The reviewed volume is composed of two essays by Badiou, ‘Wittgenstein’s Antiphilosophy’ and ‘The Languages of Wittgenstein’, and a lengthy translator’s Introduction (66 pages), by Bruno Bosteels, professor of Romance Studies at Cornell University, and translator of, among other things, Badiou’s other seminal text, Theory of the Subject. This provides ample background to Badiou’s work, to the notion of antiphilosophy, and the origin of the translated texts. The notion of antiphilosophy was revived by Lacan ‘for the purpose of defining the relation of his view of the Freudian field to what has traditionally been handed down to us as philosophy since at least Plato’ (6). Lacan considers philosophy a form of psychosis, which should be kept in mind also when reading Badiou. The translator observes that Badiou’s investigation of antiphilosophy follows his ‘earlier attempt at defining the specificity of the philosophical act’ (13), and quotes the opening lines from Being and Event: ‘Marx announces the end of philosophy and its realization in practice. Lacan speaks of “antiphilosophy”, and relegates speculative totalization to the imaginery’ (22). This line of reasoning finds an interesting coda in the discussion of Wittgenstein’s Tractatus Logico-Philosophicus.

Bosteels also discusses the relation between philosophers, sophists and antiphilosophers, and offers a telling quote from Badiou’s other work (Manifest for Philosophy, 1999), in which the French philosopher considers Wittgenstein a modern sophist: ‘Wittgenstein is our Gorgias, and we respect him as such’ (18). In Wittgenstein’s Antiphilosophy the relation between sophists and antiphilosophers is thoroughly redefined, nevertheless according to Badiou ‘in every modern antiphilosophy there are always numerous sophistic elements’ (25).

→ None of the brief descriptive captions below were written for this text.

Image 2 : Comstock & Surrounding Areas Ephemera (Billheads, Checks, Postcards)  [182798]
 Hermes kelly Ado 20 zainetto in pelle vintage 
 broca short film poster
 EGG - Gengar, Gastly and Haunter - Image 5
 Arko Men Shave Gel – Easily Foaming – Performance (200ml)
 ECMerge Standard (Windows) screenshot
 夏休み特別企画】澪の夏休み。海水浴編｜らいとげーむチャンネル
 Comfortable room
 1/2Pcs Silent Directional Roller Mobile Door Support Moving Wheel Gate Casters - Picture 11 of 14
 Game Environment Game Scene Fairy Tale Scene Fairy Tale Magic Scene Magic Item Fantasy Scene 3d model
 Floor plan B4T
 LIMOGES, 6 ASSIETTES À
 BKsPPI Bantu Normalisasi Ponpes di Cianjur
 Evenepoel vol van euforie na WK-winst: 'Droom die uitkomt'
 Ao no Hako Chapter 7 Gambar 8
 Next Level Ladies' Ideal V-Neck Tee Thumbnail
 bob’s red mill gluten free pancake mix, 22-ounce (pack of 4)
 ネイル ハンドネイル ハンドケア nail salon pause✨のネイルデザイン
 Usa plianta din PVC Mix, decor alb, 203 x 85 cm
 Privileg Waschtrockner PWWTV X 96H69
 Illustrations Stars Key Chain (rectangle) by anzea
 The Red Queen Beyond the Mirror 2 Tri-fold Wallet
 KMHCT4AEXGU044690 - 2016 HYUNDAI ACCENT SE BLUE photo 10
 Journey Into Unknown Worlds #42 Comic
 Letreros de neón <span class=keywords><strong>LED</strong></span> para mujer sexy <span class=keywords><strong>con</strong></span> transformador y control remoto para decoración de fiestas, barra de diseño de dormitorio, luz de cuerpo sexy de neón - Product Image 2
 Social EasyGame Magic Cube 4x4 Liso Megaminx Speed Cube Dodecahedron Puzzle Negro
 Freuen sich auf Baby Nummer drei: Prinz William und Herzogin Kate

Badiou opens his study with the following remark: ‘Among the most interesting philosophers there are those whom I call antiphilosophers, taking my lead from Lacan’ (67). Those antiphilosophers are ‘awakeners’ who force other philosophers not to forget that the truths to which philosophy bears witness are always contemporary to it, and ‘for the antiphilosophers, the pains and ecstasies of personal life bear witness to the fact that the concept haunts the temporal present all the way to include the throes of the body’ (69). The French philosopher has so far devoted his seminars (at the École Normale Supérieure in Paris) to ‘the great modern antiphilosophers’, Nietzsche, Wittgenstein, and Lacan himself, and additionally, to Saint Paul, ‘the inventor of the antiphilosophical position’ (69). Thereafter Wittgenstein (or, strictly speaking, Wittgenstein as the author of the Tractatus Logico-Philosophicus) is considered by Badiou as a prototypical antiphilosopher, in the tradition represented by Socrates, Pascal, Rousseau, Kierkegaard, Nietzsche, and Lacan.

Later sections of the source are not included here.